== TO DO ==
Among the entries below, find the line with "Illustration Des Pneumothorax", then quote it and each following line up to and including the line with "便秘症 のイメージ画像", and nothing else.

== DATA FOR THIS EXERCISE ==
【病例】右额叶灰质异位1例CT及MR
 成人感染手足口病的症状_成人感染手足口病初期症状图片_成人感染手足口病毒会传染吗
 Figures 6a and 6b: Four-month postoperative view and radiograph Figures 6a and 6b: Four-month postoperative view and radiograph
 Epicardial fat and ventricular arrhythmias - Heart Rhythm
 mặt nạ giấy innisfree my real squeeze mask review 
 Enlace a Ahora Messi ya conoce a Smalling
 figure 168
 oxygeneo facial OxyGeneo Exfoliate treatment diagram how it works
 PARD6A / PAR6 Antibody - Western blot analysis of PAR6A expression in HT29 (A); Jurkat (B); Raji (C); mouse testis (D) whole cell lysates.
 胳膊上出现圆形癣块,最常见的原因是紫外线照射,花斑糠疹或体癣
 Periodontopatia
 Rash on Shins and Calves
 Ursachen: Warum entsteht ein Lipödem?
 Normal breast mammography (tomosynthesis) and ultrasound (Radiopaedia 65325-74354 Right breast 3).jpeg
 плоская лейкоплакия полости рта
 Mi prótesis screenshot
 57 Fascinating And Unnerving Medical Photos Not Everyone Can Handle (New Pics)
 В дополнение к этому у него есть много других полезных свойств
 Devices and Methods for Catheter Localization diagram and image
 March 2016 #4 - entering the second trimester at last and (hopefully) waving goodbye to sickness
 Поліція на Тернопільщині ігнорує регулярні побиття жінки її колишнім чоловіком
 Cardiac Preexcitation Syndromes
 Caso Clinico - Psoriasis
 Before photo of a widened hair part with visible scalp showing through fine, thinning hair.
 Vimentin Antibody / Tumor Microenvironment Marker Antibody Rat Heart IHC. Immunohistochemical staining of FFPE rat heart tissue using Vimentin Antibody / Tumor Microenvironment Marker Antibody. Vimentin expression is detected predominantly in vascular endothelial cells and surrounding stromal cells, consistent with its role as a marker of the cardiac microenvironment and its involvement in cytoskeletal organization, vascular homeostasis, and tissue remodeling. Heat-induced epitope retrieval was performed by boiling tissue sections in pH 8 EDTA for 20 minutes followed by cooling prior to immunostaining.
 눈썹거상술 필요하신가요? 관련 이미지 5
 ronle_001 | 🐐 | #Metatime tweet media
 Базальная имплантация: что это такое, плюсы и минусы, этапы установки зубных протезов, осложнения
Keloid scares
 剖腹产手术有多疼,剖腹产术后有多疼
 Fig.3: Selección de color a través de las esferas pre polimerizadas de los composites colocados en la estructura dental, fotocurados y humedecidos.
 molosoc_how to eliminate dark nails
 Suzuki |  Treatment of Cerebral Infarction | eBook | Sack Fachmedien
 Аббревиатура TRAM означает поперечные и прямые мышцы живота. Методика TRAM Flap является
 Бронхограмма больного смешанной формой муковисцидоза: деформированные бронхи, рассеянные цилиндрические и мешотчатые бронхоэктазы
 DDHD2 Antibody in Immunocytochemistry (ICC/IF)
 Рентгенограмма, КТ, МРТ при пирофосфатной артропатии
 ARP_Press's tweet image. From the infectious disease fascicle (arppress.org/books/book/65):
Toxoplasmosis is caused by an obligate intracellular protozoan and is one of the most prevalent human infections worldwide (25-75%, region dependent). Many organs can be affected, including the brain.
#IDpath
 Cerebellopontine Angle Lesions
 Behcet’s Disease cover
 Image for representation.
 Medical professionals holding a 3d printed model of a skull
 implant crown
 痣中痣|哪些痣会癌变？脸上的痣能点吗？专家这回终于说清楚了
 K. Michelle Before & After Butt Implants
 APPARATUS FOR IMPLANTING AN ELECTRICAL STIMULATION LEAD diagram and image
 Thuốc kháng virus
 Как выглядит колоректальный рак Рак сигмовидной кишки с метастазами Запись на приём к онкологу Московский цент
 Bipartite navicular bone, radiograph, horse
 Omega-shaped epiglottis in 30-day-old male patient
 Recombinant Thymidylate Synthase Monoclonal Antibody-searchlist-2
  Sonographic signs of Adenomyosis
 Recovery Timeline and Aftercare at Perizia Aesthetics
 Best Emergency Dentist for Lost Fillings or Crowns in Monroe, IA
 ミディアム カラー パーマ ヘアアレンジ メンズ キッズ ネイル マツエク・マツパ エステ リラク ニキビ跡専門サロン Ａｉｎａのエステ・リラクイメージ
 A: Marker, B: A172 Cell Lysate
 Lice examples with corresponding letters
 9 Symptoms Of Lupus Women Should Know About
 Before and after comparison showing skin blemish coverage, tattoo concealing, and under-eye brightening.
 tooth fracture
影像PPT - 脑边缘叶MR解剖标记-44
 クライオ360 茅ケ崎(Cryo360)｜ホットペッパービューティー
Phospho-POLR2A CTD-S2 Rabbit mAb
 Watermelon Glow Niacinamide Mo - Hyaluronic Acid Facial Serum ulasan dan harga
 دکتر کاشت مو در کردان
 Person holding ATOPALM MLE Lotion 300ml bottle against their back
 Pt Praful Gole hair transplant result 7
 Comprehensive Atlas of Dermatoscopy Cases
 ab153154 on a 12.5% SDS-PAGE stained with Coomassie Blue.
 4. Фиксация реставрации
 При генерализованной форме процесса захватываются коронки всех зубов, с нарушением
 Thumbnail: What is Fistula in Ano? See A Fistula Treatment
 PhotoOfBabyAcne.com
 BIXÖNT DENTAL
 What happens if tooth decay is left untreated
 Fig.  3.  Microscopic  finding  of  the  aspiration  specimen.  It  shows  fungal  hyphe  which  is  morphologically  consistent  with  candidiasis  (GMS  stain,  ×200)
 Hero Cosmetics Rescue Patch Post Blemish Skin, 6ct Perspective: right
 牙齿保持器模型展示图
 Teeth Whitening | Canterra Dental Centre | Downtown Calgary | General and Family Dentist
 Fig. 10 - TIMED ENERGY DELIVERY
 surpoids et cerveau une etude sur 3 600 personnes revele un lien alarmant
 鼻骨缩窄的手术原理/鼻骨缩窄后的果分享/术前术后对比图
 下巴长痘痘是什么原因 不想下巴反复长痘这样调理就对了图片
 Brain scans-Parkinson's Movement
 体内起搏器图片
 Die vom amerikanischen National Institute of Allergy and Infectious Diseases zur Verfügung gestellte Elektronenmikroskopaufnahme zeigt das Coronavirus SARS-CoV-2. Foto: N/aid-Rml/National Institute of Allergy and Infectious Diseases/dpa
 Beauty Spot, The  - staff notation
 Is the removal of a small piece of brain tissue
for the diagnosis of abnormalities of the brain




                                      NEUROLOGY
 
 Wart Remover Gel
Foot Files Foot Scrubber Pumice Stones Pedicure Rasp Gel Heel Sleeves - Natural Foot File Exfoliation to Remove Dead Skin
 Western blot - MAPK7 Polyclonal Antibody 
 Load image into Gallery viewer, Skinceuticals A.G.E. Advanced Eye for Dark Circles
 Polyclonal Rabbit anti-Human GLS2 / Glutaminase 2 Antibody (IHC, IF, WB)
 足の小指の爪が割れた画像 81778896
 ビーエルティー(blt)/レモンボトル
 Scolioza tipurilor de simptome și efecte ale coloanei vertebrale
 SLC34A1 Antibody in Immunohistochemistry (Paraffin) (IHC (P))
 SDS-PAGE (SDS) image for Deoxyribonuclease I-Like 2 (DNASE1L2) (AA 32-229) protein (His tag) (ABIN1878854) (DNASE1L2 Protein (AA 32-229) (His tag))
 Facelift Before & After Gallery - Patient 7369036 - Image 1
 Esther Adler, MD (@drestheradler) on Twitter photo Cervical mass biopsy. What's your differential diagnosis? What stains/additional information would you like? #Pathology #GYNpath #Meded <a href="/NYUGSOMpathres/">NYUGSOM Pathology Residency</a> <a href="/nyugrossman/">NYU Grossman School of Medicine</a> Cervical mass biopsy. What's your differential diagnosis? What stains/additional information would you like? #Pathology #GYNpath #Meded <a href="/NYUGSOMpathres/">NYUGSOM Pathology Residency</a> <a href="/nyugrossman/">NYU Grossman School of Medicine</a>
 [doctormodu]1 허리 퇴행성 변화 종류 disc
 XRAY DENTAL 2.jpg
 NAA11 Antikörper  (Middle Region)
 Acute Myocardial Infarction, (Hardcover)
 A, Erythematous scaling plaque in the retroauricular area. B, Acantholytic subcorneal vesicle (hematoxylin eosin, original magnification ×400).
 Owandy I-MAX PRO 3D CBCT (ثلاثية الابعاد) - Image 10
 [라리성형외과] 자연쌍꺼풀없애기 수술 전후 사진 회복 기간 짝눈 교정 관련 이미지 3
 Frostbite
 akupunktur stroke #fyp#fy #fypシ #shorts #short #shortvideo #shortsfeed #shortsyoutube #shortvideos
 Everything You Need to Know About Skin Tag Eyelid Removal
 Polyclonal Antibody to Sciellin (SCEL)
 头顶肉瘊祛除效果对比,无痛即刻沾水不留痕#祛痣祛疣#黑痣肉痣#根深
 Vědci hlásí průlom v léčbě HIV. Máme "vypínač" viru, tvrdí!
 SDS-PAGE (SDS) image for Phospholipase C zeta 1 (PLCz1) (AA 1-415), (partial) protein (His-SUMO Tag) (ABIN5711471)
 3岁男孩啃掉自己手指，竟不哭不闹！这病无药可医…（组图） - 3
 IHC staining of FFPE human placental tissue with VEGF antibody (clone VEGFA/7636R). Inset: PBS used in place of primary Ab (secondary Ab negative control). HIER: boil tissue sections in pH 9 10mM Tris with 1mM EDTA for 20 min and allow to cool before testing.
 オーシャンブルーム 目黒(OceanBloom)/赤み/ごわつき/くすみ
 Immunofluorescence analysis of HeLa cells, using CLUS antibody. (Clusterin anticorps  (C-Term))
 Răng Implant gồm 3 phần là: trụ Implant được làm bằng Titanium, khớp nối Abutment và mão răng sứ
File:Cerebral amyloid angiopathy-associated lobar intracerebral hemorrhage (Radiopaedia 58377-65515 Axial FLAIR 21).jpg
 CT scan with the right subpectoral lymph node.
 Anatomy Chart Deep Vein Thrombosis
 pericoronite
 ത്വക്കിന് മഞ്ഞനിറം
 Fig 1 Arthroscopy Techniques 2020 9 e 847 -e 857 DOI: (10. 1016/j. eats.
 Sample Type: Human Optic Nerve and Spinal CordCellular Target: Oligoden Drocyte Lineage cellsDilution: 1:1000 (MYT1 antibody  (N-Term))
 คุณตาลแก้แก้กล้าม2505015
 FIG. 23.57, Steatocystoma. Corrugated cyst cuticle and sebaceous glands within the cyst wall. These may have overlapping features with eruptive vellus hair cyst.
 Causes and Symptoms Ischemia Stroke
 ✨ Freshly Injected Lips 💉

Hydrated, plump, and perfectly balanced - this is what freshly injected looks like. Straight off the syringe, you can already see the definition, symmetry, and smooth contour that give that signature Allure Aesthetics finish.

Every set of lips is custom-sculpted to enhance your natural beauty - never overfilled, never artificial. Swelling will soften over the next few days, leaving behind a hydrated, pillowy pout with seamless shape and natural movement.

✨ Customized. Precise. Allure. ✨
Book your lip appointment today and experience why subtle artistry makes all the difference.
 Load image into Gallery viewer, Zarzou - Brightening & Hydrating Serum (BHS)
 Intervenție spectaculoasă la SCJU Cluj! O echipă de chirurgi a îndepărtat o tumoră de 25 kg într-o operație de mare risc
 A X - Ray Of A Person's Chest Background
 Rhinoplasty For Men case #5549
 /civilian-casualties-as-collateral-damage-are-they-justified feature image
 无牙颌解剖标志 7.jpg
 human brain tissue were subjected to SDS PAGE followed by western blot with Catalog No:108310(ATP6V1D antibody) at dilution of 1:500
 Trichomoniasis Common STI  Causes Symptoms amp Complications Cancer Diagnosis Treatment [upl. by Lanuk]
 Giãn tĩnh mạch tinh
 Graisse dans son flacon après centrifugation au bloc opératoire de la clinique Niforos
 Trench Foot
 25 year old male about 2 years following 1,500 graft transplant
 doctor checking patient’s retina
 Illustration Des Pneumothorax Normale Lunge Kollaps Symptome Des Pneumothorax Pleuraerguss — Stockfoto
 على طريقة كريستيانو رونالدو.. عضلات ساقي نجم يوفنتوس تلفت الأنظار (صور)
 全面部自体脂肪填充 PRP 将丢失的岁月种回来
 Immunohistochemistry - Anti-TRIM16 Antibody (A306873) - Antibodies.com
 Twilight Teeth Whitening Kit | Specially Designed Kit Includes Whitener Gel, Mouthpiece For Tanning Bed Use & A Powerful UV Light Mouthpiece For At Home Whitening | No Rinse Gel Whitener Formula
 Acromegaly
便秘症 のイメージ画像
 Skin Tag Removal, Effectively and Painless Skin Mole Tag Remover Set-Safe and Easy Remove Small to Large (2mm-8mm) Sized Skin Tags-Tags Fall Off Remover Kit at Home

== TASK RESULT ==
 Illustration Des Pneumothorax Normale Lunge Kollaps Symptome Des Pneumothorax Pleuraerguss — Stockfoto
 على طريقة كريستيانو رونالدو.. عضلات ساقي نجم يوفنتوس تلفت الأنظار (صور)
 全面部自体脂肪填充 PRP 将丢失的岁月种回来
 Immunohistochemistry - Anti-TRIM16 Antibody (A306873) - Antibodies.com
 Twilight Teeth Whitening Kit | Specially Designed Kit Includes Whitener Gel, Mouthpiece For Tanning Bed Use & A Powerful UV Light Mouthpiece For At Home Whitening | No Rinse Gel Whitener Formula
 Acromegaly
便秘症 のイメージ画像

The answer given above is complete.